MNA for Terrebonne
- In office April 25, 2007 – November 5, 2008
- Preceded by: Jocelyne Caron
- Succeeded by: Mathieu Traversy

Personal details
- Born: 1969 (age 56–57) Quebec City, Quebec, Canada
- Party: Action démocratique du Québec

= Jean-François Therrien =

Canadian politician

Jean-François Therrien (born 1969) is a politician from Quebec, Canada. He was an Action démocratique du Québec Member of the National Assembly for the electoral district of Terrebonne from 2007 to 2008.

Therrien has a bachelor's degree in law from the Université Laval and a master's degree in public administration from the École nationale d'administration publique (ENAP).

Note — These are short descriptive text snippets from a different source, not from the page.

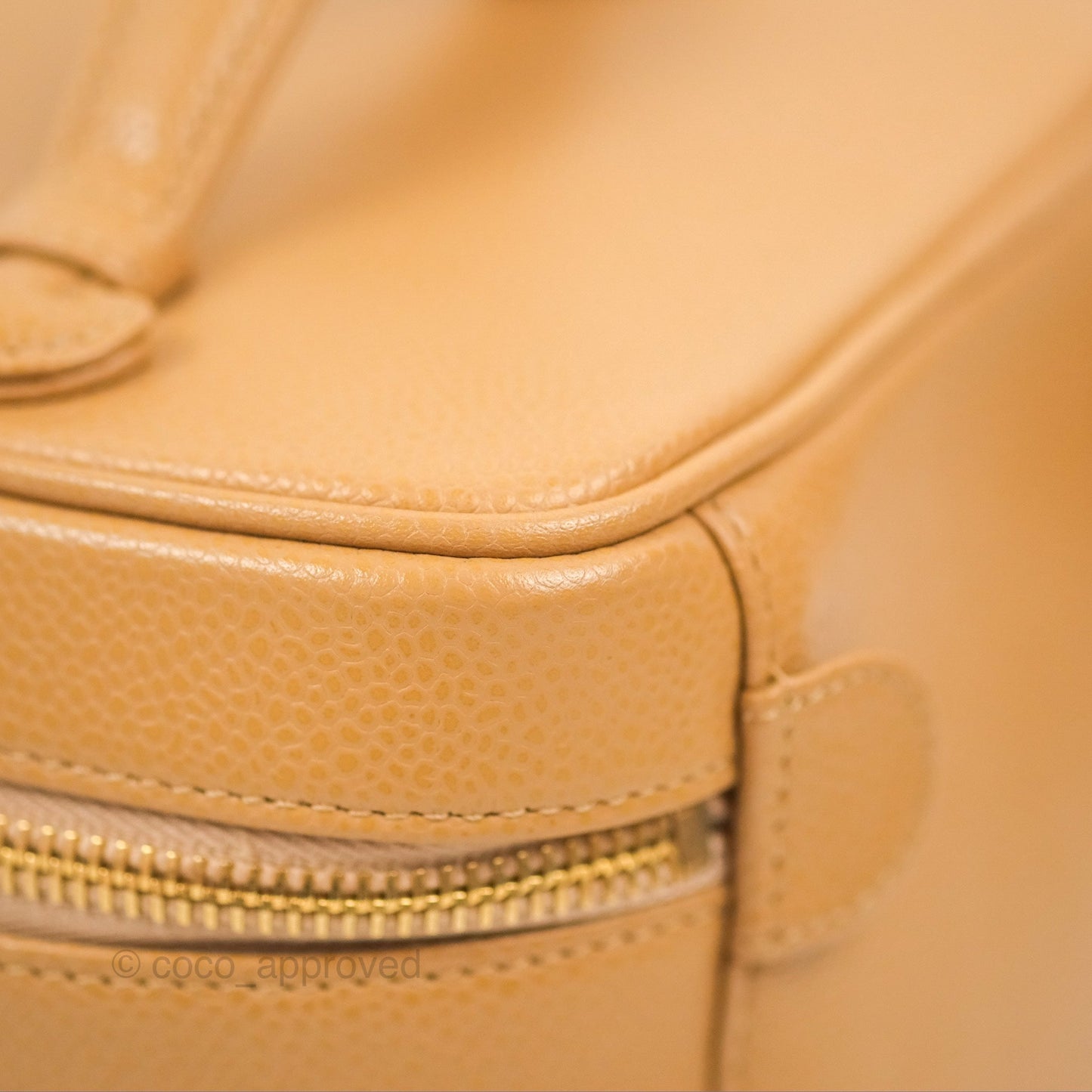 Chanel Vintage Vanity Case Beige Caviar Gold Hardware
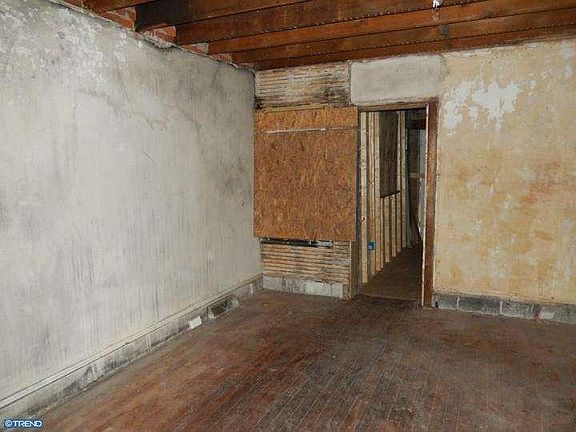 4th image of 1604 Thatcher St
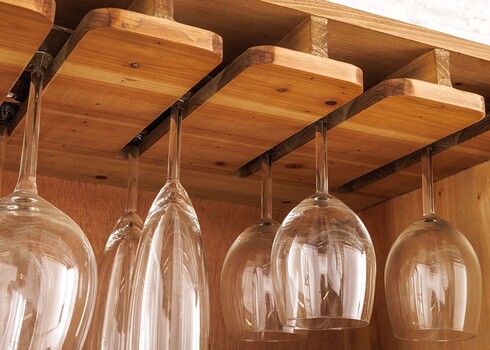 Baarikapp SEVEN SEAS kuusk / must, 60x34xH150 cm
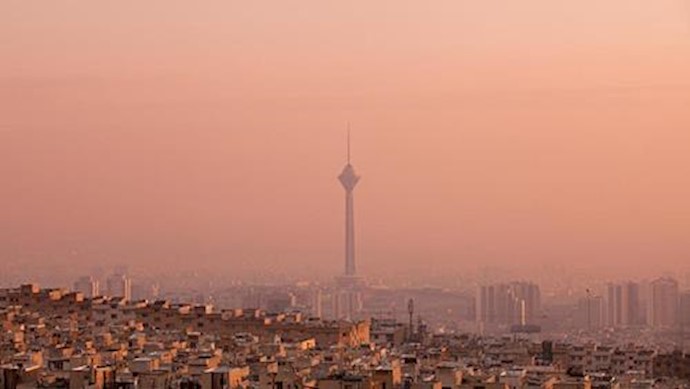 Pollution in Tehran hits dangerous levels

Therrien was born in Quebec City, Quebec, Canada. He briefly worked at the Casino de Charlevoix before joining the Youth Protection Agency (Direction de la protection de la Jeunesse) and later the Ministry of Public Security as a special constable and later the Quebec Public Servants as an investigator. He was also a volunteer for several years for the Operation Red Nose, a non-profit organization responsible for accompanied party goers at home and preventing drunk driving during the December holidays.

Before his election, he was a public servant employed by the Ministère du Revenu du Québec (revenue department).

Therrien was first elected in the 2007 election with 41% of the vote. Parti Québécois incumbent Jocelyne Caron finished second with 36% of the vote. Therrien took office on April 12, 2007 and was named the critic for labour.